Creo que en mis círculos sociales ya estoy empezando a ser
conocida como el Grinch pero es que es comenzar noviembre y empiezo a ponerme
de mala leche ante la perspectiva de las fiestas navideñas. Iba a decir que eso
me pasa al empezar diciembre pero desde hace unos años ya se encargan los
centros comerciales de retirar los últimos dientes de vampiro y la última bolsa
de golosinas y empezar a recordarnos que vienen Papá Noel, los Reyes Magos, los
renos, los camellos y la madre que los trajo a todos. Las estanterías se llenan
de polvorones, mantecados, pasteles de gloria (creo que esto es lo único que
me gusta de las navidades; deberían vender pasteles de gloria todo el año), turrón
del duro, del blando y de ese con fruta escarchada que siempre se compra pero
al final nadie se come. Qué pesadez, madre.
Y os preguntaréis si no me pasa lo mismo con San Valentín o
con Halloween. Pues sí, me pasa pero son fiestas de las que puedo pasar más
fácilmente. Por ejemplo, en mi casa San Valentín no lo hemos celebrado en la vida.

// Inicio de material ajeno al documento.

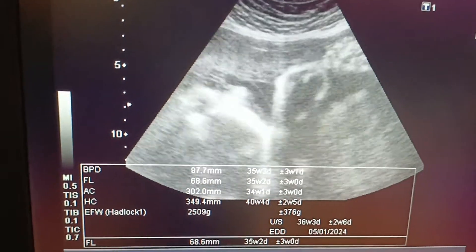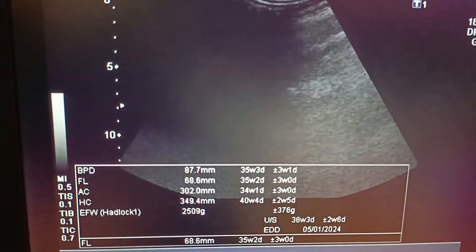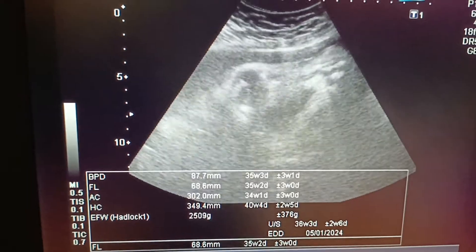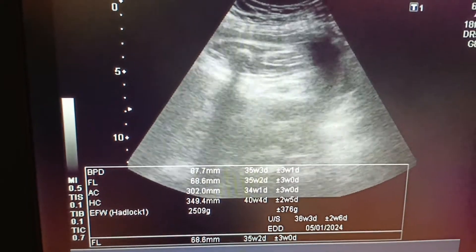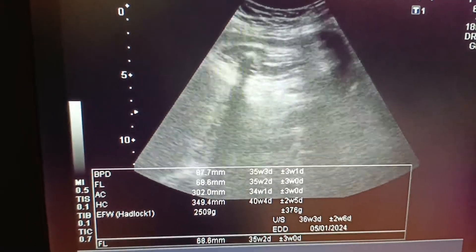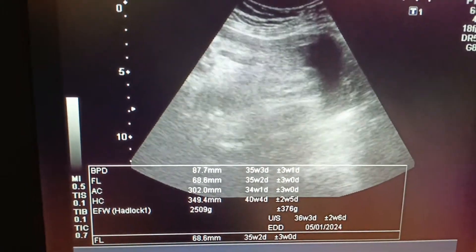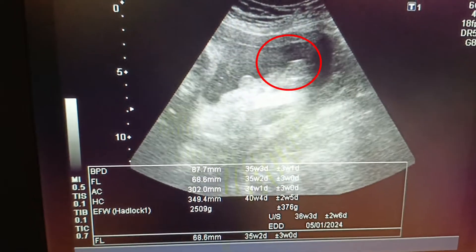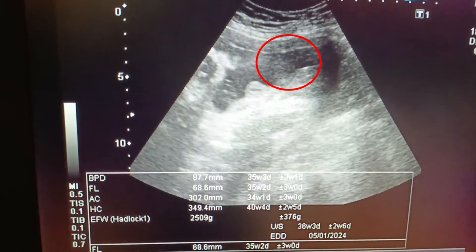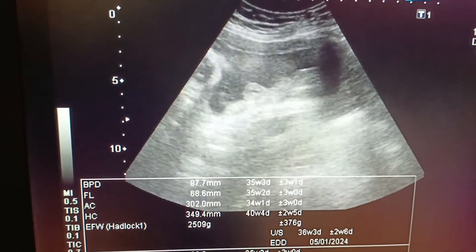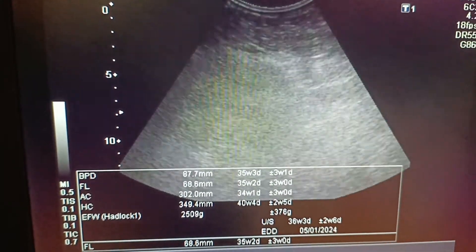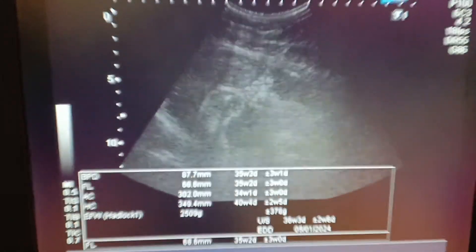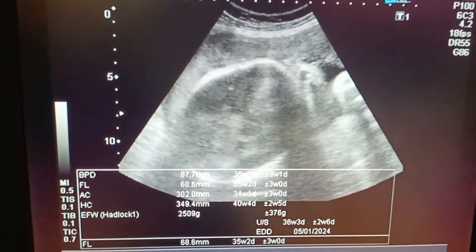Gender is usually identified between the two femoral bones. You can see the scrotal sac clearly. The liquor pocket is also present.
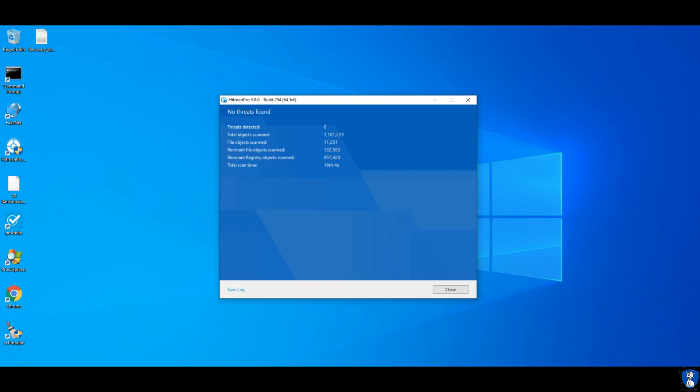Hitman Pro scan has completed, but no threats were detected. We will perform another scan with Hitman Pro after the system restart.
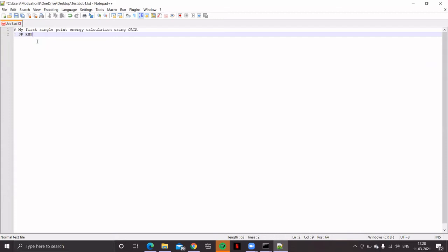It is compulsory to provide information about what basis set you are going to use. Let me type 'STO-3G' — that is Slater-type orbital formed by three Gaussian functions. That's the simplest basis set available in this software. What we are doing is mimicking a Slater-type orbital with three Gaussian functions. This is basically a minimal basis set. Detailed information about basis sets we'll learn during the theory lectures.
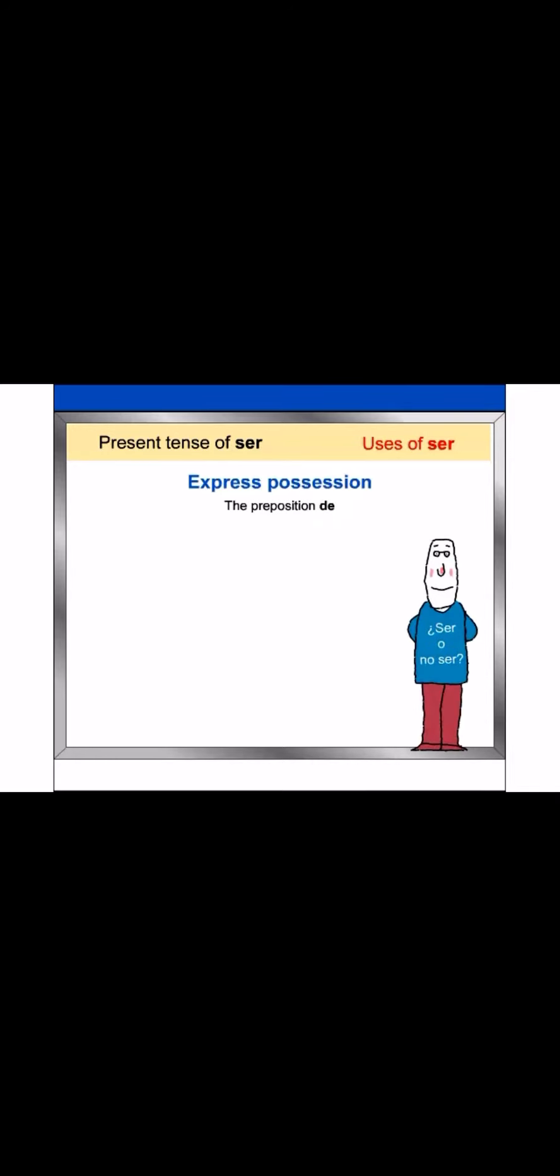Ser is also used with the preposition de to express possession. ¿De quién es el diccionario? El diccionario es de Javier. Note that de, followed by el, contracts to form del. El diccionario es del chico.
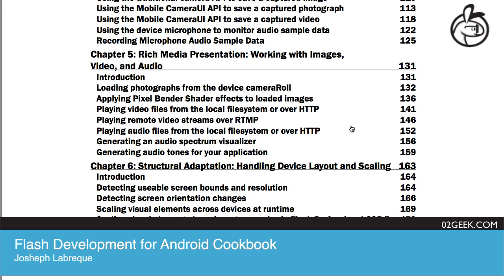Yeah, sure. One of the more basic things you can do with Chapter 5 is simply to be able to load in an image that you've captured through the device camera and apply some sort of a filter to it. So like the Instagram model, right? Right.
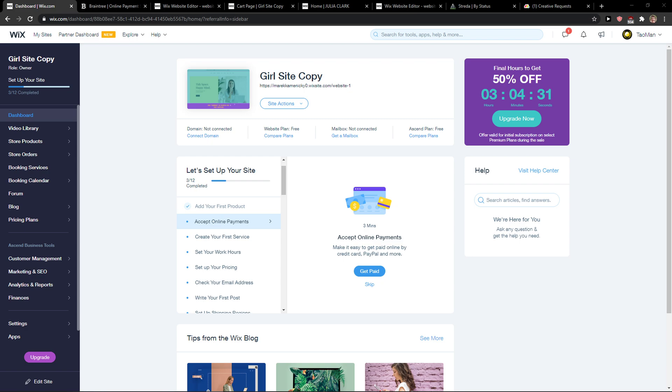Hey everybody, my name is Markus and in this video I will show you a simple way how you can export your products in Wix.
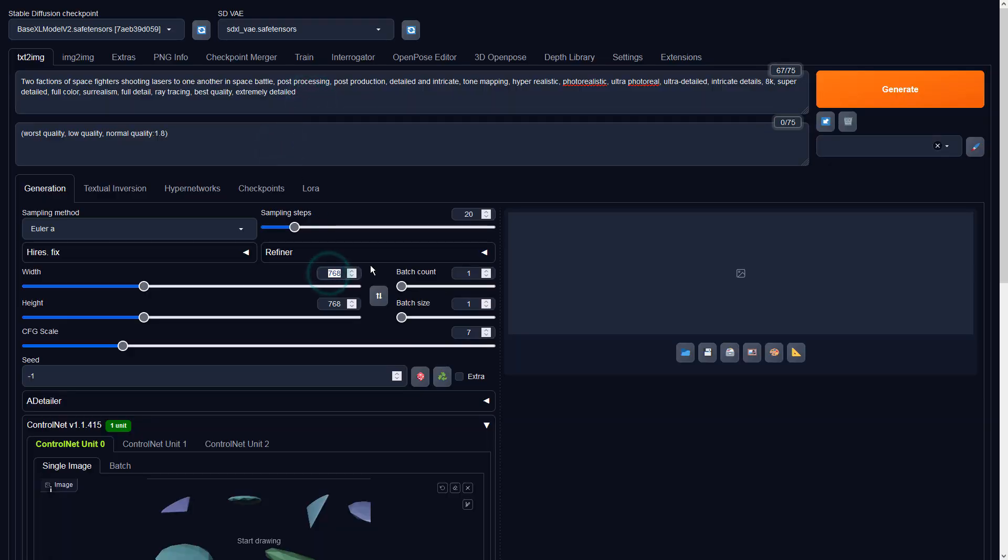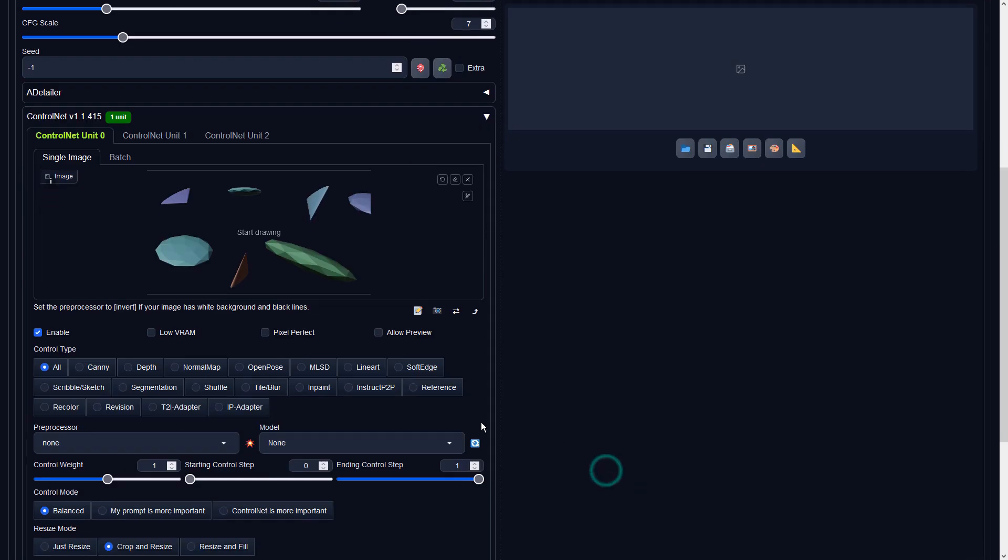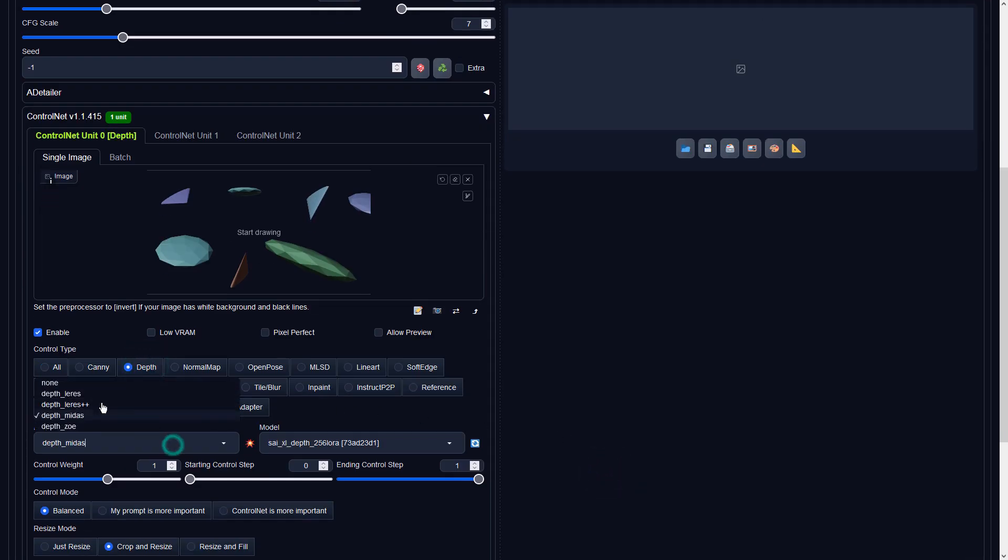I'll share the full prompts in the description below. Please set the preprocessor to None and select the correct depth model.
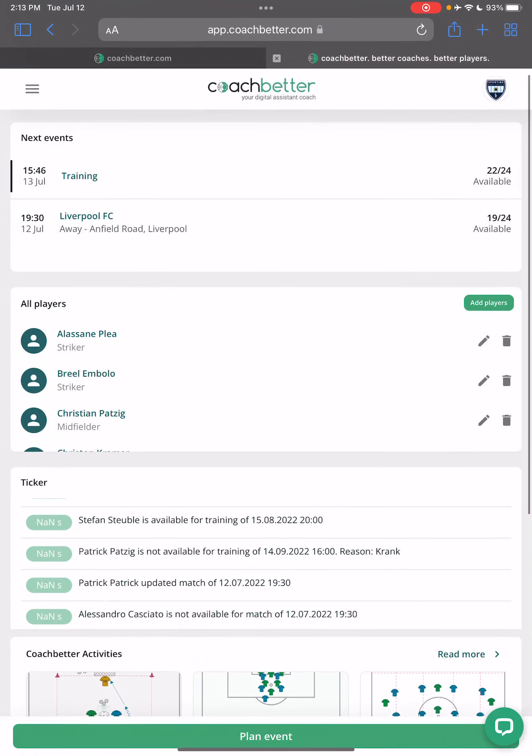Hi coaches! Today I'm happy to announce that we streamlined our process of how you can create and invite players.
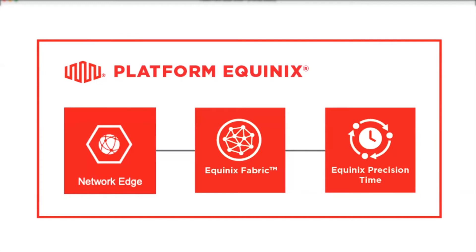Alternatively, if you don't have a physical presence, you can use a virtual network device provided through our Network Edge service to connect our timing servers to your network.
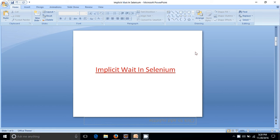An implicit wait is used to tell WebDriver to wait for a certain amount of time when trying to find an element or elements, if they are not immediately available.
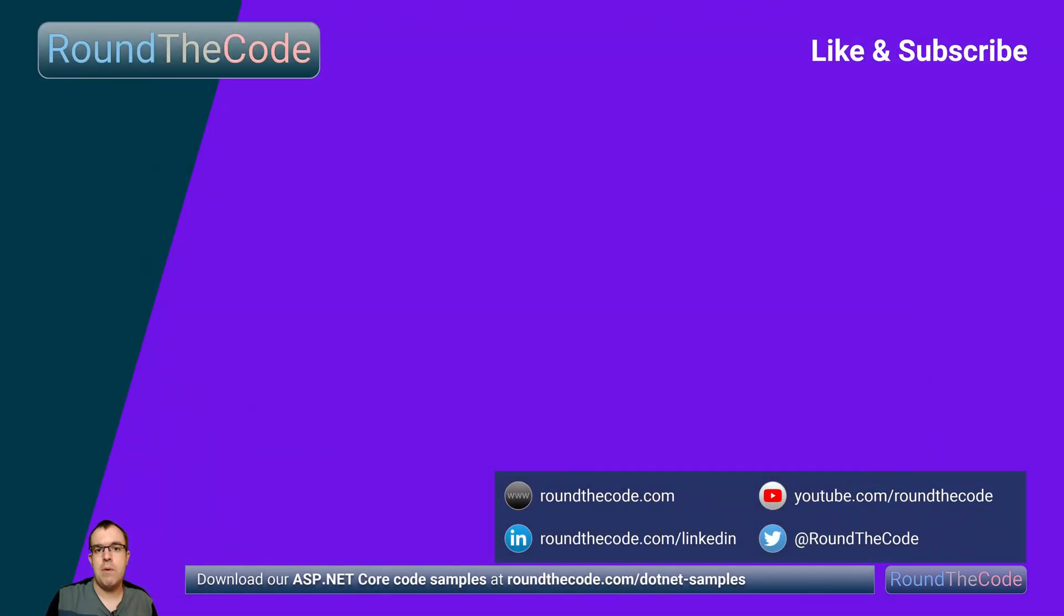Download and use the C# 11 sample used in this video by going to roundthecode.com/dot-net-samples. Also let us know in the YouTube comments what feature you're looking forward to the most in C# 11. Thanks very much for watching and hit a like on the video.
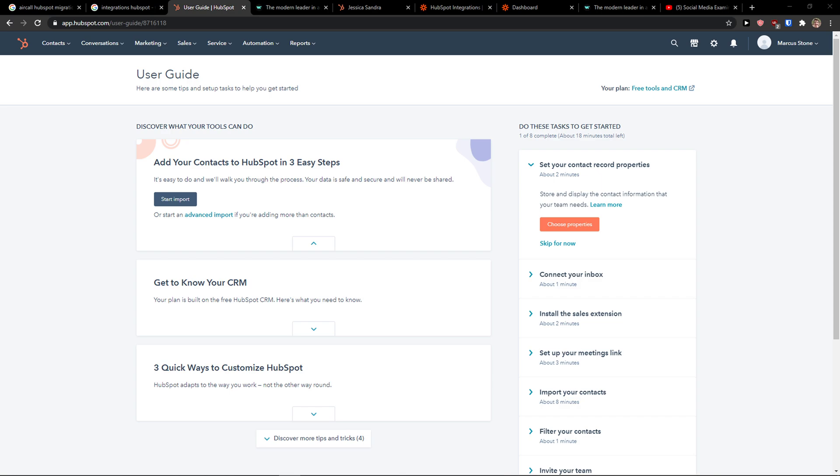Hey there guys, my name is Marcus and in this video I'm going to show you a step-by-step process how you can easily integrate HubSpot with MailChimp. So let's start.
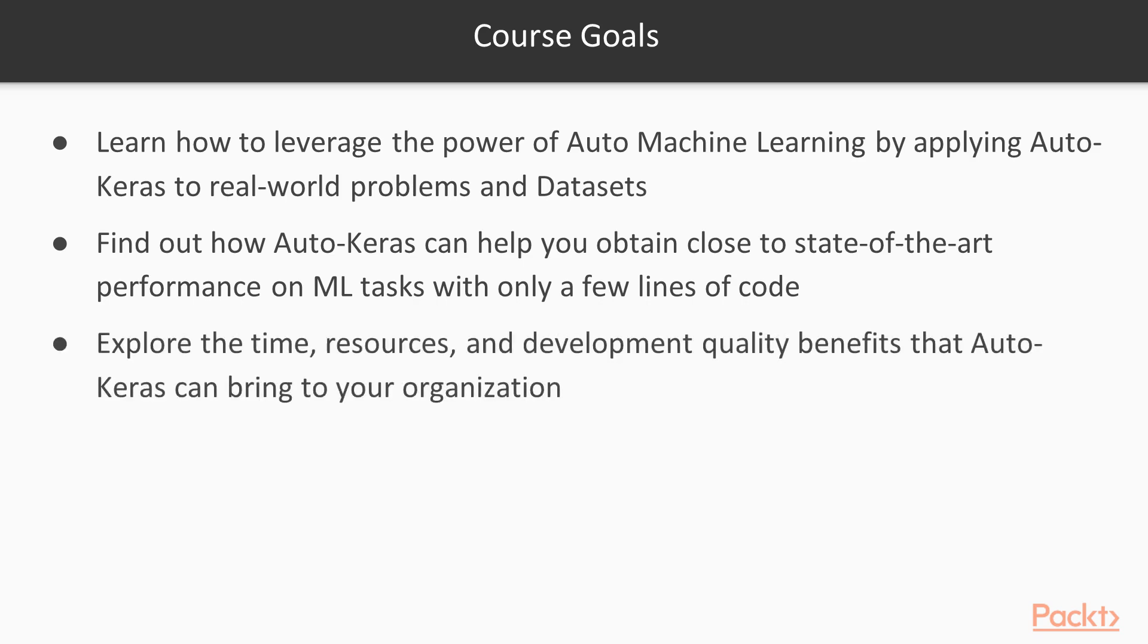You will explore the time, resource, and development quality benefits that Auto-Keras can bring to your organization, because you will spend much less time developing and optimizing your models. By spending less time optimizing and fine-tuning your models, you will use fewer computational resources, which you would need to use whenever you tried a new version of your model.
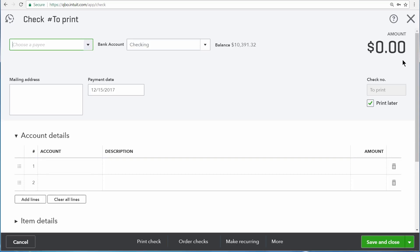So even though these transactions are incredibly different, QuickBooks still lays out the transaction in the same way. Now let's go back over to the invoice.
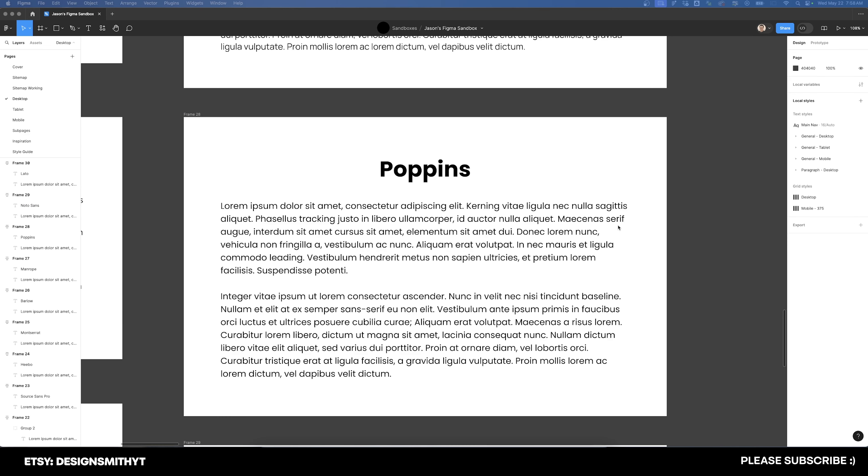Up next is Poppins. This is one of my personal favorite fonts. Poppins can also be easily swapped with Helvetica due to its clean, geometric sans serif style that aligns perfectly with Swiss design. It's a modern and versatile font and it looks great in print and on screen.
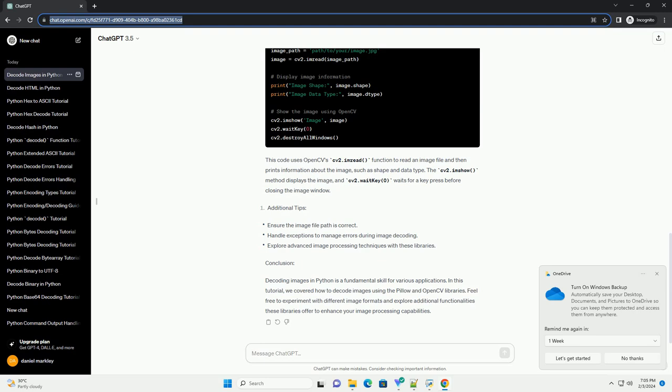Pillow is a powerful image processing library in Python. It is a fork of the Python Imaging Library (PIL) and provides easy-to-use methods for image manipulation. Let's start by decoding an image using Pillow. This code uses Pillow's image.open method to open an image file, and then prints information such as format, mode, and size. The image.show method opens the image using the default image viewer on your system.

Si nos apetece regalarnos algo así porque sí, lo hacemos y si nos da por ir a
cenar, pues también. San Valentín es algo que puedes ignorar y que ni te vaya
ni te venga la historia.
Con Halloween pasa algo parecido. Si no lo quiero celebrar,
pues no lo celebro y ya. Si surge algún plan divertido como el que os conté
este año (y que podéis leer aquí)pues me apunto, porque para hacer el chorra no hay horario ni fecha en el
calendario.
Pero la Navidad es distinta. Hay una convención social que
te empuja a participar de la vorágine festiva aunque no quieras. Las comidas o
cenas con los compañeros de trabajo, las quedadas con los amigos, otro tipo de
compromisos sociales que no tienes ni idea de dónde han salido… Y si dices que
no vas, quedas como una borde antisocial que no se relaciona con sus
compañeros/amigos/gente que conoces por diferentes circunstancias de la vida. Y
la lotería. Que esa es otra. En mi trabajo toca comprar el décimo de Barcelona,
el de Madrid, la participación del sindicato… Que claro, puedes optar por no
comprar nada pero ¿y si toca y te quedas con cara de boba? ¿O si compro sólo
uno de los décimos y resulta que toca el otro? Pues la misma cara de boba. Así que
al final cedes y compras. Y, al menos a mí, de momento no me ha tocado más que
un reintegro allá por el 2010, que terminé invirtiendo en la Lotería del Niño por
si acaso mi fortuna estaba ahí pero no, tampoco. No sé yo si esto compensa.
Y antes por lo menos en Nochevieja me iba de fiestuqui con
mis amigos pero desde que todos son padres pues ya no, claro.
Un sacacuartos, es lo que son las fiestas. Hasta el gorro navideño estoy ya.